Fear not citizen! I am here to help. I feel your pain. Enjoy this list of things to do instead of voting. It’ll occupy your time until this whole election thing dies down and we can all go back to the important news stories, like what color panties Britney is wearing today.
• Reorganize your porn collection. That one clown porn DVD has been mixed in with the bondage DVDs for months!
• Live a day as a dog. Drink toilet water, pee on fire hydrants, poop in people’s yards and smell other people’s butts. Hump people’s legs. Gain a newfound respect for our canine friend.
• Use a razor blade to carve all of your ex girlfriends’ names into your forearm. Be sure to leave space for more names.
• Invent a new Kool Aid flavor.
• Write a guest Eighty-Four Glyde entry and send it to me to be posted.
• Try to make and eat one of those big ass, three-feet-tall sandwiches like Shaggy and Scooby enjoy when they’re not being chased by ghosts or hitting the doobage.
• Reinvent the wheel, but add a beer cozy to it.
• Watch all of those old DVRed TV shows you’ve got that you’ve never gotten around to.
• Lose yourself in the magic that is All my Children.
• Try to figure out the appeal of NASCAR.
• Learn to play an instrument.
• Practice your free-styling skills. Challenge random passersby to rap battles.
• Make a home porn of you by yourself. Leak it to the internet and just wait for fame and fortune to arrive at your doorstep.

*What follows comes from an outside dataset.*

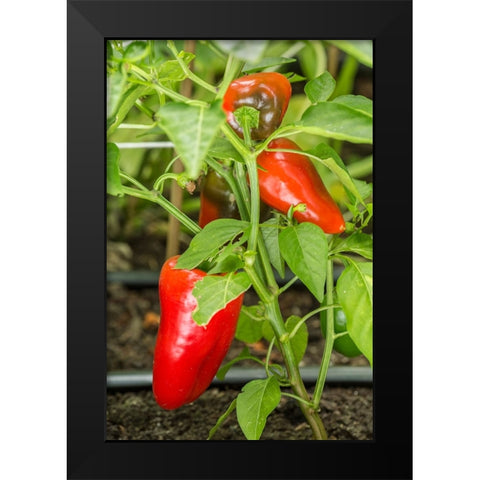 Issaquah-Washington State-USA Bellafina red sweet bell pepper plant growing Black Modern Wood Framed Art Print by Horton, Janet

• Try to invent a new cocktail.
• Play a game of HORSE against yourself.
• Join the military, but don’t show up.
• Reenact every scene from Gummo with sock puppets.

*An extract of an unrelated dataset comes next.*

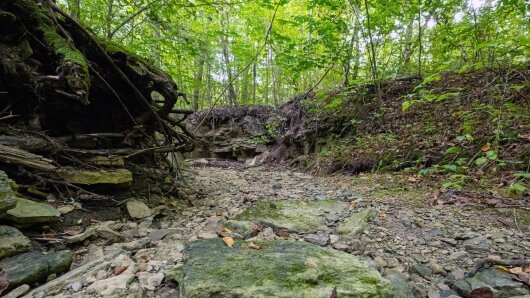 A view of the parched bed of the Leutra in Jena in the summer of 2022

• Go on a hunger strike until Lee L. Mercer Jr. is elected President.
• Go to Chuck E Cheese in full scuba diving gear. Jump into the ball pit and pretend to spear hunt sharks.
• Rob a bank dressed as one of the candidates.
• Dance like nobody’s watching.
• Learn all the dance moves from HSM3.
• Open a home proctology/gynecology office.
• Come up with new zombie escape plans. Practice them! (The day is coming, believe me.)
So, just do one or more of the things on this list and escape from the whole “voting” thing. Instead of wasting a day standing in line with a bunch of people with questionable personal hygiene, being bored and wondering just how much your vote actually matters (here’s a hint: none at all), you can enjoy tomorrow and truly make a difference in your community.
No need to thank me, just doing my civic duty.